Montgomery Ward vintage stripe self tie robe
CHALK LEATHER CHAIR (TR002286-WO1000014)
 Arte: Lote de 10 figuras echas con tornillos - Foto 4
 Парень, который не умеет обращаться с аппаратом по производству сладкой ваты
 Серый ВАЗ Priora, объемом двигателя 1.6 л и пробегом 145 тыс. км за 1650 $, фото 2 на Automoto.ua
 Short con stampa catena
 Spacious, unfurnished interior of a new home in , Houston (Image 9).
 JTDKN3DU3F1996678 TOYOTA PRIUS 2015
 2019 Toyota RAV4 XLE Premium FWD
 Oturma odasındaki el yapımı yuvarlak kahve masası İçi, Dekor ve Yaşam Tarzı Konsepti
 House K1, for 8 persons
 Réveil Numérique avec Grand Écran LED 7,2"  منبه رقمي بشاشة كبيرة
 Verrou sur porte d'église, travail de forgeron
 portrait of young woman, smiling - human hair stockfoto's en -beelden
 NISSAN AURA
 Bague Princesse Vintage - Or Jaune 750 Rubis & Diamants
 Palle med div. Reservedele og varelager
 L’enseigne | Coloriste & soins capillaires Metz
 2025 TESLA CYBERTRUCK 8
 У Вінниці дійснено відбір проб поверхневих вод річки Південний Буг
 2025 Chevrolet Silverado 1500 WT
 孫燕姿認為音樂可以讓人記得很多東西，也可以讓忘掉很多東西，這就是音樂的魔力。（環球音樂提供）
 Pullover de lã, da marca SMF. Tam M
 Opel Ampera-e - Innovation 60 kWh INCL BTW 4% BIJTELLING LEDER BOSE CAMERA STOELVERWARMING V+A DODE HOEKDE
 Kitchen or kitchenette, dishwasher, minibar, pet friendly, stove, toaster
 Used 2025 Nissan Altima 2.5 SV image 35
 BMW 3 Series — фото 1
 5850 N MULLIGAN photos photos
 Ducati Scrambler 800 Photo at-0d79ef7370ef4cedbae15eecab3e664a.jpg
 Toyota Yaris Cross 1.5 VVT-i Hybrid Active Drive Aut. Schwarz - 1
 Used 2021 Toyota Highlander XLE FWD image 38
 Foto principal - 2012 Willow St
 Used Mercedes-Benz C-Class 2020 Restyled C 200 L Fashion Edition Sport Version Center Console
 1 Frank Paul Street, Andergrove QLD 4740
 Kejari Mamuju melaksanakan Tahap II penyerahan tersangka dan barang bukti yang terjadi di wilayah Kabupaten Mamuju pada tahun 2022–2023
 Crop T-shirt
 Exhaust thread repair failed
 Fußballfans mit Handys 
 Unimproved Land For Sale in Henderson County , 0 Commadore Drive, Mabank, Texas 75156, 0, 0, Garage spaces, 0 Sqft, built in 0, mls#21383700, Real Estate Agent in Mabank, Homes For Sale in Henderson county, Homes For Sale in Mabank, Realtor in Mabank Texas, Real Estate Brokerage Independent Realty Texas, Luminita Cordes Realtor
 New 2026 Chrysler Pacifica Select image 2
#####
Using the entries above, extract exactly the span from the line with "CHALK LEATHER CHAIR (TR002286-WO1000014)" to the line with "Fußballfans mit Handys", both lines included; leave out everything else.

CHALK LEATHER CHAIR (TR002286-WO1000014)
 Arte: Lote de 10 figuras echas con tornillos - Foto 4
 Парень, который не умеет обращаться с аппаратом по производству сладкой ваты
 Серый ВАЗ Priora, объемом двигателя 1.6 л и пробегом 145 тыс. км за 1650 $, фото 2 на Automoto.ua
 Short con stampa catena
 Spacious, unfurnished interior of a new home in , Houston (Image 9).
 JTDKN3DU3F1996678 TOYOTA PRIUS 2015
 2019 Toyota RAV4 XLE Premium FWD
 Oturma odasındaki el yapımı yuvarlak kahve masası İçi, Dekor ve Yaşam Tarzı Konsepti
 House K1, for 8 persons
 Réveil Numérique avec Grand Écran LED 7,2"  منبه رقمي بشاشة كبيرة
 Verrou sur porte d'église, travail de forgeron
 portrait of young woman, smiling - human hair stockfoto's en -beelden
 NISSAN AURA
 Bague Princesse Vintage - Or Jaune 750 Rubis & Diamants
 Palle med div. Reservedele og varelager
 L’enseigne | Coloriste & soins capillaires Metz
 2025 TESLA CYBERTRUCK 8
 У Вінниці дійснено відбір проб поверхневих вод річки Південний Буг
 2025 Chevrolet Silverado 1500 WT
 孫燕姿認為音樂可以讓人記得很多東西，也可以讓忘掉很多東西，這就是音樂的魔力。（環球音樂提供）
 Pullover de lã, da marca SMF. Tam M
 Opel Ampera-e - Innovation 60 kWh INCL BTW 4% BIJTELLING LEDER BOSE CAMERA STOELVERWARMING V+A DODE HOEKDE
 Kitchen or kitchenette, dishwasher, minibar, pet friendly, stove, toaster
 Used 2025 Nissan Altima 2.5 SV image 35
 BMW 3 Series — фото 1
 5850 N MULLIGAN photos photos
 Ducati Scrambler 800 Photo at-0d79ef7370ef4cedbae15eecab3e664a.jpg
 Toyota Yaris Cross 1.5 VVT-i Hybrid Active Drive Aut. Schwarz - 1
 Used 2021 Toyota Highlander XLE FWD image 38
 Foto principal - 2012 Willow St
 Used Mercedes-Benz C-Class 2020 Restyled C 200 L Fashion Edition Sport Version Center Console
 1 Frank Paul Street, Andergrove QLD 4740
 Kejari Mamuju melaksanakan Tahap II penyerahan tersangka dan barang bukti yang terjadi di wilayah Kabupaten Mamuju pada tahun 2022–2023
 Crop T-shirt
 Exhaust thread repair failed
 Fußballfans mit Handys 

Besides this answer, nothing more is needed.